Most CEOs are playing AI like a defense game. Automate the reports. Trim the headcount. Speed up the support queue. Squeeze a few more points of margin out of the existing business. Check the AI box. Move on.
That’s not a strategy. That’s maintenance.
And here’s the uncomfortable truth: a more efficient version of a mediocre business is still a mediocre business.
The Trap Has a Name
Call it the efficiency trap.
It looks like progress because the dashboards improve. Response times drop. Costs shrink. Leadership feels like it’s “doing AI.” However, underneath the tidier operations, the business hasn’t changed. You’re doing the same things, faster. Selling the same products, cheaper to deliver. Serving the same customers, with less friction.
Meanwhile, somewhere else, in a garage, in a competitor’s offsite, in a startup that didn’t exist eighteen months ago, someone is asking a completely different question.
Not “how do we do this faster?”
But “what becomes possible now that wasn’t before?”
That question is worth billions. The efficiency question is worth a few points of EBITDA.
Two Ways to Use AI. One of Them Is a Dead End.
There are fundamentally two modes of AI adoption.
Defensive AI is what most companies are doing. It’s reactive. It preserves the existing business model by reducing the cost of running it. It’s necessary, but it’s not sufficient, and it is absolutely not a competitive advantage. Every competitor has access to the same tools. If your edge is “we automated our email follow-up,” you don’t have an edge.
Offensive AI is what game-changers do. It’s proactive. It uses AI not to run the old business more cheaply, but to build things that couldn’t exist before. New products. New customer experiences. New revenue streams. New ways of solving problems that your customers gave up trying to solve because no one had a viable answer.
Most companies get stuck in defensive mode and call it transformation. It isn’t.
The CEO’s Real Job in the AI Era
The CEO’s job is not to deploy AI tools. The CEO’s job is to use AI to create value that didn’t exist before.
That requires a different set of questions entirely:
“If we started from scratch today, with AI as a native capability, what would we build?”
Not: how do we replicate what we already do, just faster and more efficiently? But: what would we do differently? What would we stop doing? What’s now possible that the entire industry has assumed is impossible?
“Where are the unmet needs we’ve never been able to touch?”
Every industry has problems that have gone unsolved for decades, not because no one cared, but because the economics didn’t work or the execution wasn’t feasible. AI changes the feasibility equation. What’s your industry’s unsolvable problem? Because it may not be unsolvable anymore.
“What can we build that competitors can’t easily copy?”
A chatbot is copyable. A workflow that embeds your proprietary data, your operational intelligence, and your customer relationships into an AI-native experience; that is not copyable. The moat isn’t the AI. The moat is everything you build around it.

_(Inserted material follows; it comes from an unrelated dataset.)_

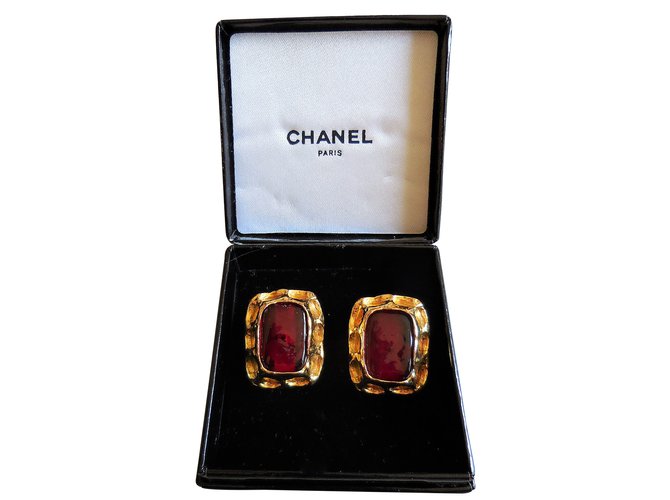 Chanel Impressionante 18K brincos folheados a ouro amarelo com cabochão de cristal vermelho Bordeaux Banhado a ouro  ref.90620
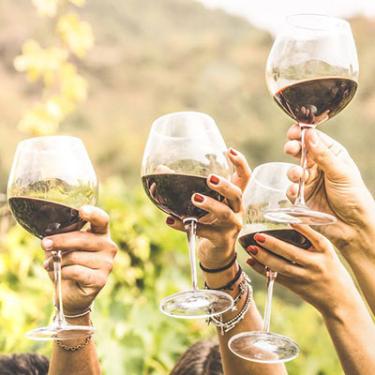 Raising a Glass to Armenia’s Elaborate Toasting Tradition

The Upgrade That Actually Matters
The executives winning with AI aren’t better at technology. They’re better at seeing. They’ve made the mental shift from operator to entrepreneur-in-chief. They’re not asking “how do I run this business more efficiently?” They’re asking, “What business should I be building that’s completely different and better than what exists?”
That’s first-principles thinking. It’s uncomfortable because it requires you to question decisions that have been settled for years. It requires you to imagine a version of your company that doesn’t look like the current one. And it requires you to bet on it before you have proof.
But that’s always been the job. AI just raised the stakes and widened the gap between CEOs who get it and those who don’t.
The Bottom Line
You can spend the next two years optimizing your current business with AI. You’ll have better margins. Leaner operations. A cleaner P&L. And you’ll be more efficient at becoming irrelevant.
Or you can ask the harder question: what are we going to build that the world doesn’t have yet?
That’s the question game-changers are asking right now. You don’t change the game by doing more of the same, just a little bit faster.
In summary, what is the main CEO’s goal for AI?
The main goal is to stop viewing it merely as a tool to speed up mundane tasks for employees, but rather as an enabler to solve significant, unmet needs and invent entirely new growth curves. Instead of focusing on just productivity, CEOs need to develop the entrepreneurial skill to use AI to build unique products and create value for both customers. employees and investors.
It’s not either or; it’s both productivity and innovation.